**Exercise aim:** Restate, exactly as written, the entries below from the line that holds "物件内観写真13　(洗面)" through the line that holds "Garuda Indonesia turut". Pictures are not part of the copy.

**The input:**
•••••

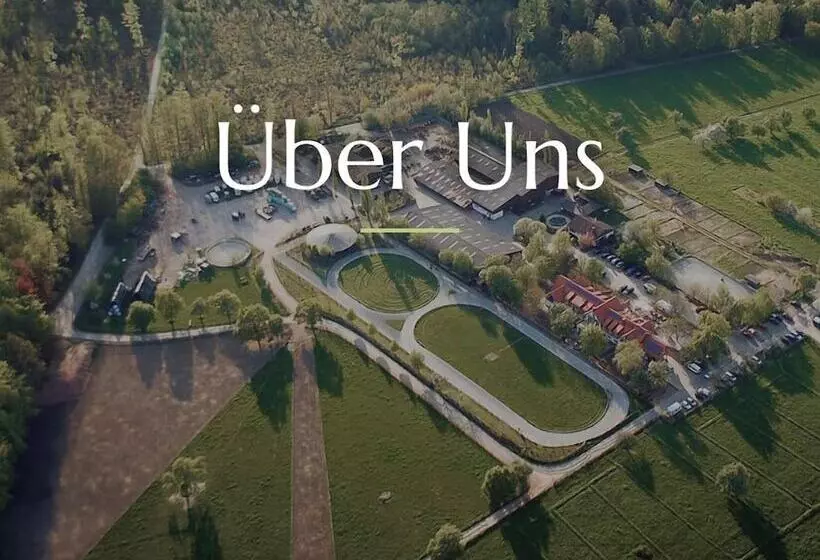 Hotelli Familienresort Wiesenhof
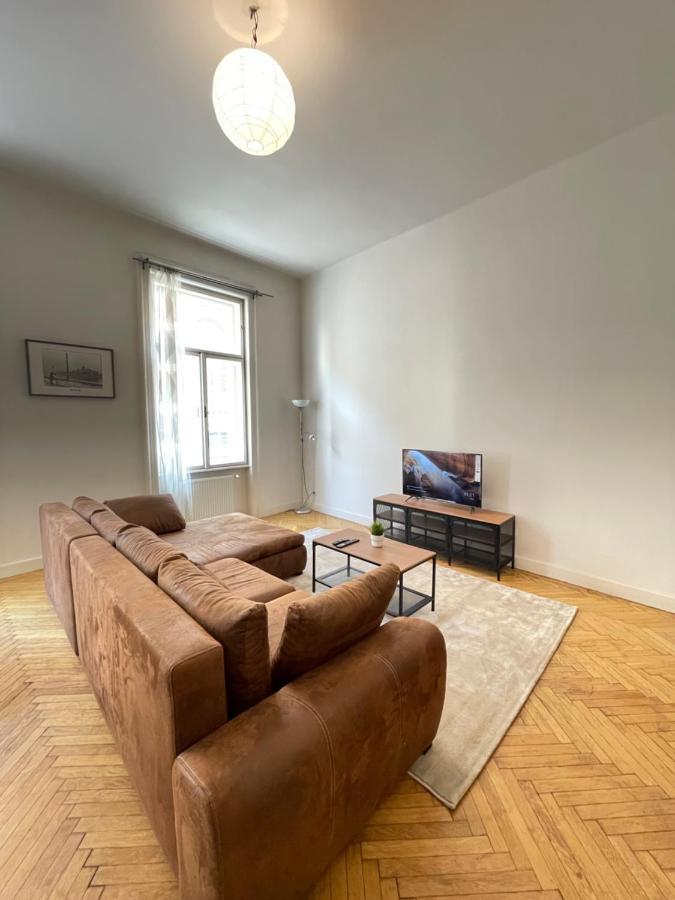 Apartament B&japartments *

•••••

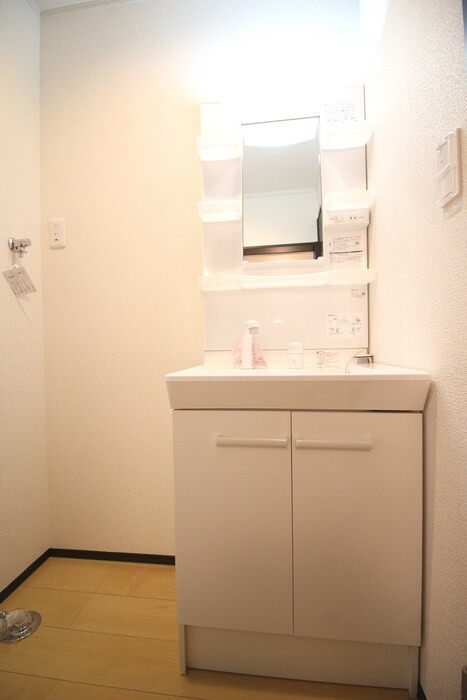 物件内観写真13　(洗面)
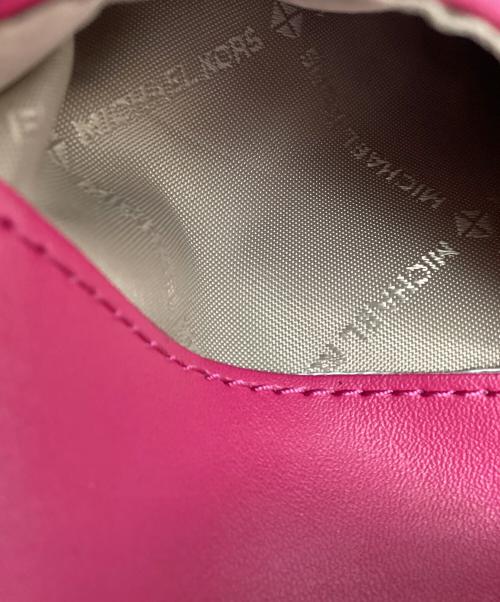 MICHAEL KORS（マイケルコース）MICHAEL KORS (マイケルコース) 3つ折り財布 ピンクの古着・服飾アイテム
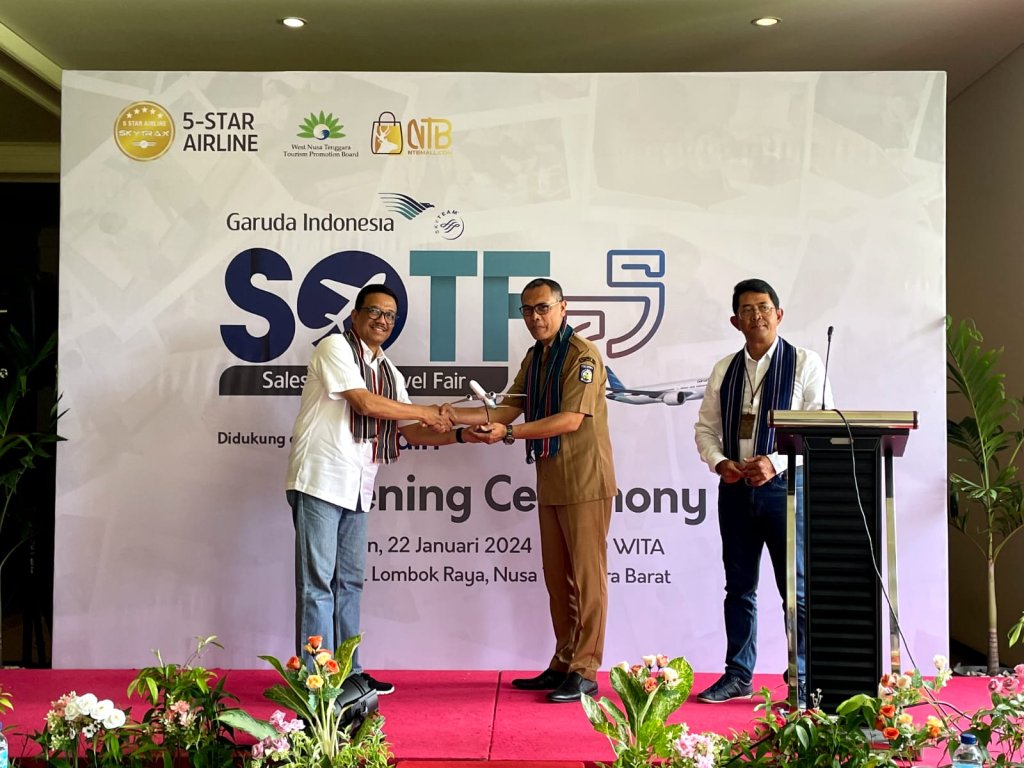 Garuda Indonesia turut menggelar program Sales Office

•••••

**Exercise solution:**
 物件内観写真13　(洗面)
 MICHAEL KORS（マイケルコース）MICHAEL KORS (マイケルコース) 3つ折り財布 ピンクの古着・服飾アイテム
 Garuda Indonesia turut menggelar program Sales Office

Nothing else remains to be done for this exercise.